Hmm then find an online counselling, I recommend you iCall. They have an email based counselling. And it's free. Also why not join a group of people who deals with any mental illness you have? discord might have one. Also good luck. I wish you and the others well I'm glad everyone is opening up about being a shut in.. in this manga. it really connects us all who have the same problem and help each other out(๑•ㅂ•)و✧

That's good. That's a start. Next try going to the school 15 mins early and try to make SMALL talk with other parents. Just simple hello to other people or smile. Don't overdo it but smiling and saying hello as u line up to get kids will ease u into being around other people. Or wave bye when you leave. That's it. No other interaction.

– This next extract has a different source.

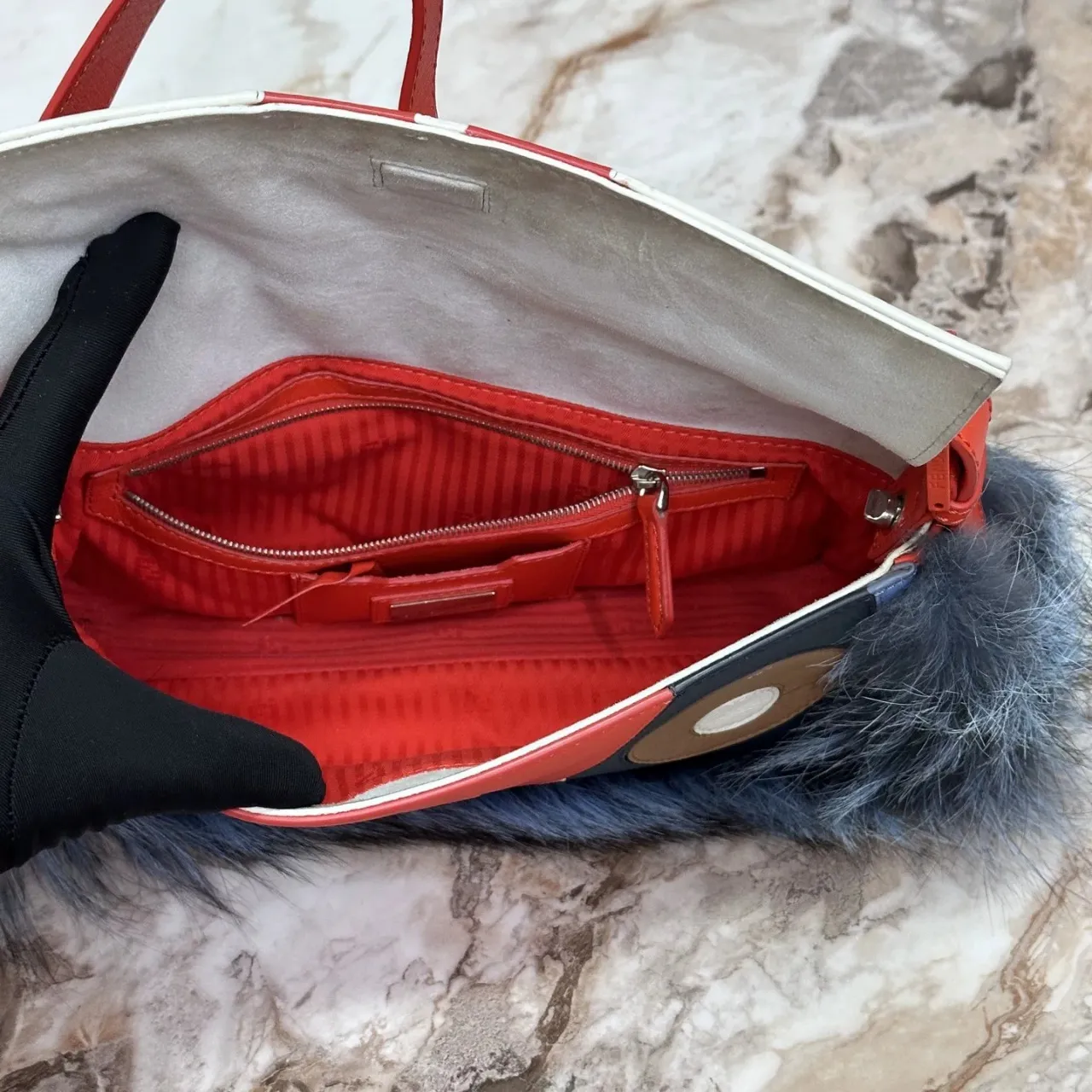 FENDI Baguette Multicolor Monsters Blue Faux Fur Shoulder Bag FENDI Baguette Multicolor Monsters Blue Faux Fur Shoulder Bag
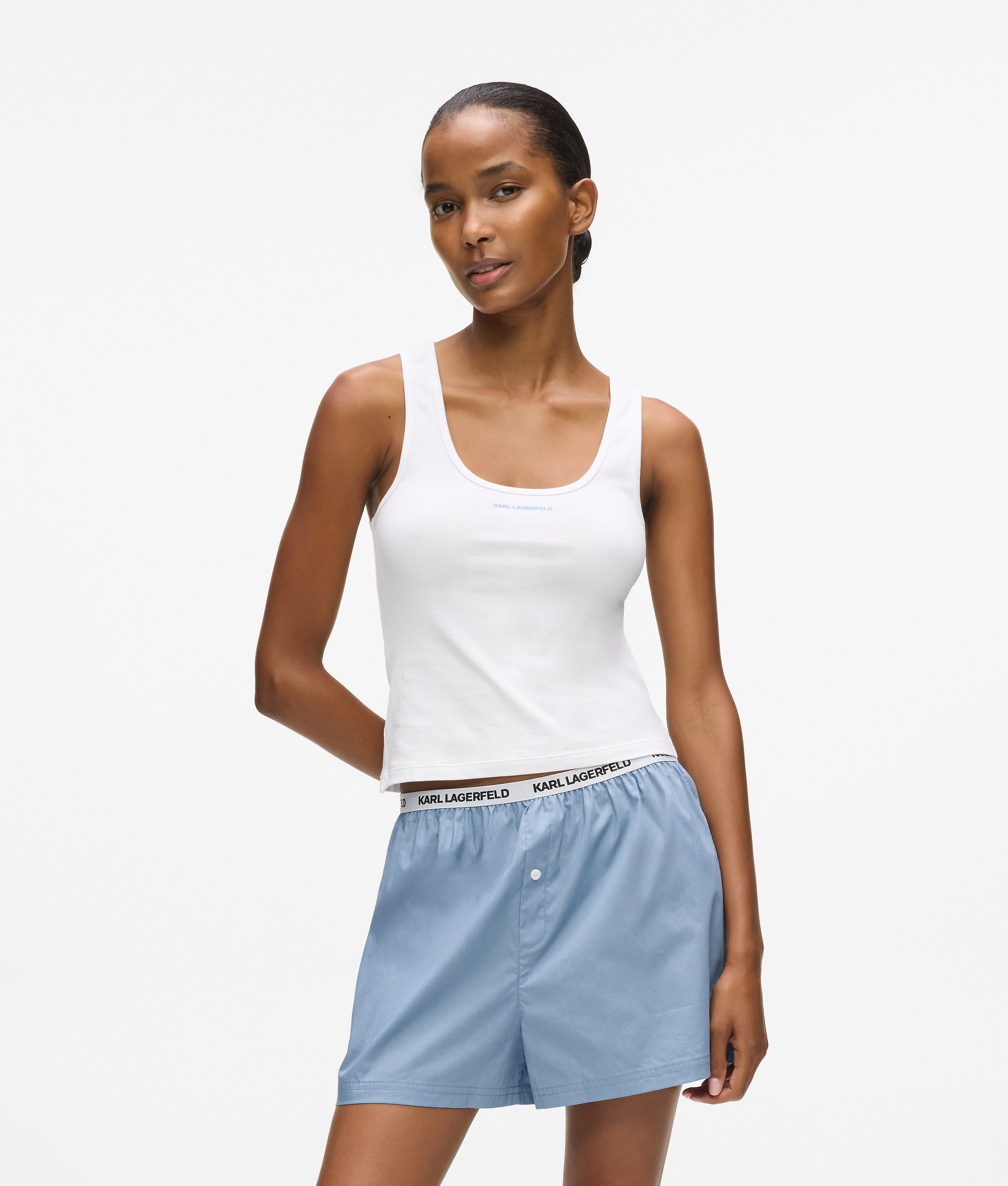 Karl Lagerfeld Tank Top And Shorts Pajama Set White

Wow, using the suicide card against Muyeong, just... wow. I understand that he was depressed because of what happened to him, yet his mom still thinks about business and marriage, but damn, using that to tie Muyeong to him is unbelievably sick and twisted. It made me so uncomfortable to use the suicide card against people, like, I was suicidal when I was still in college but it's not like I want to gain someone's attention ffs. Why would you do that to the person you love? Why the threat? It may be regrettable that he realized his feelings a little too late, but damn, he doesn't have the right to ruin Muyeong's love life. He should just accept it and move on.
And as for grandma, she's right. If Muyeong wants to be independent and to stand on his own, he needs to do all that from scratch. And she's been very understanding with Muyeong's sexual preference. Heck, she didn't even confront Muyeong about when she accidentally knew about his sexual activities with his sunbae (lmao she had a mental breakdown at first tho, good thing miss secretary was there to calm her down and be rational). She's just waiting for Muyeong to tell her on his own, which is highly commendable.
This was painfully good
I've always avoided angsty stories because I can't deal with the pain, but this was a good read.